Petter Ranefall, Sysmex-Astrego
2023-09-04 14:15-15:00
Theatrum Visuale
Dynamic Contrast-Enhanced MRI and the Tofts Model
Perfusion relates to the delivery of blood to tissue and is medically relevant, for example, for differentiation of tumors and for monitoring the effect of treatment. One way of obtaining quantitative information related to perfusion is to make use of dynamic contrast-enhanced MRI. A series of MRI volumes of a patient is imaged over a period of time, as a contrast agent is injected. Based on the changes in signal over time, caused by the contrast agent, quantitative parameters can be extracted for each voxel by fitting a model to the data. I will describe how the commonly used Tofts model can be used for this purpose, as well as outlining some image analysis related challenges relevant to dynamic contrast enhanced MRI and perfusion.

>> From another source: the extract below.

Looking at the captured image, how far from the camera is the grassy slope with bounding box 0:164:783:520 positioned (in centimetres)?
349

Teo Asplund, RaySearch Laboratories
2023-09-11 14:15-15:00
Theatrum Visuale
Image processing and AI in visual inspection
Abstract: Image processing and artificial intelligence (AI) have emerged as transformative technologies in visual inspection across various domains, including healthcare and industries. Here, I will present some specific use cases in medical image segmentation & classification using classical image processing & ML methods, AI based object and anomaly detection in quality control & manufacturing process, AI based peak detection & extraction from data and how InfraVis: national infrastructure for data Visualization can assist and help in several scientific domains.
Nikita Singh, InfraVis
2023-09-18 14:15-15:00
Theatrum Visuale
Document Image Processing for Handwritten Text Recognition - Deep Learning-based Transliteration of Astrid Lindgren’s Stenographic Manuscripts
(PhD Rehearsal)

Abstract: Document image processing and handwritten text recognition have been applied to a variety of materials, scripts, and languages, both modern and historic. They are crucial building blocks in the on-going digitisation efforts of archives, where they aid in preserving archival materials and foster knowledge sharing. The latter is especially facilitated by making document contents available to interested readers who may have little to no practice in, for example, reading a specific script type, and might therefore face challenges in accessing the material.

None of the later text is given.